"Mike Cahill certainly provides the audience with some tasty food for thought"

If our eyes really are the windows to our souls then this metaphysical head-scratcher from Another Earth director Mike Cahill certainly provides the audience with some tasty food for thought. ?Cynical, stubborn but brilliant molecular biologist Ian (Michael Pitt) is fascinated by the human eye.

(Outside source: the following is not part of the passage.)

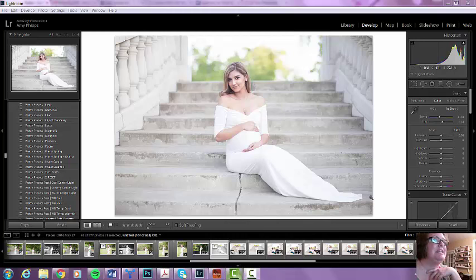Hey everyone! This is Amy with Pretty Presets, and I was asked to do a video on the edit with this particular picture. As you can see, it was pretty much properly exposed straight out of camera.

You could say he only has eyes for eyes, taking hundreds of photographs of people’s eyes over the years.

With his hip, Parisian model chic look, Ian and his equally brilliant lab assistant Karen (Brit Marling) are trying to locate a genetic switch which prompts the creation and development of photosensitive cells, thus ultimately disproving the existence of God through the idea that certain objects, in this instance the eye, are far too complex to have been the result of evolution.

One night he meets the mysterious Sofi, (Astrid Bergès-Frisbey) a model dressed in black with a mask showing only her eyes: emerald green irises with a dark, orange centre. Ian falls for Sofi instantly, taking a photograph of her eyes for his collection. The two make love and then Sofi is gone, leaving Ian with only the photograph of her unforgettable, unapologetic stare.?Although at first glance they seem made for each other, the two characters could not be more different. While Ian represents scientific logic and reason, Sofi has a sense of faith and spirituality; the very ideas that Ian is striving to disprove. Although it is a far cry from the old science v religion debate, we can sense things are not meant to be and in this instance, opposites do definitely NOT attract.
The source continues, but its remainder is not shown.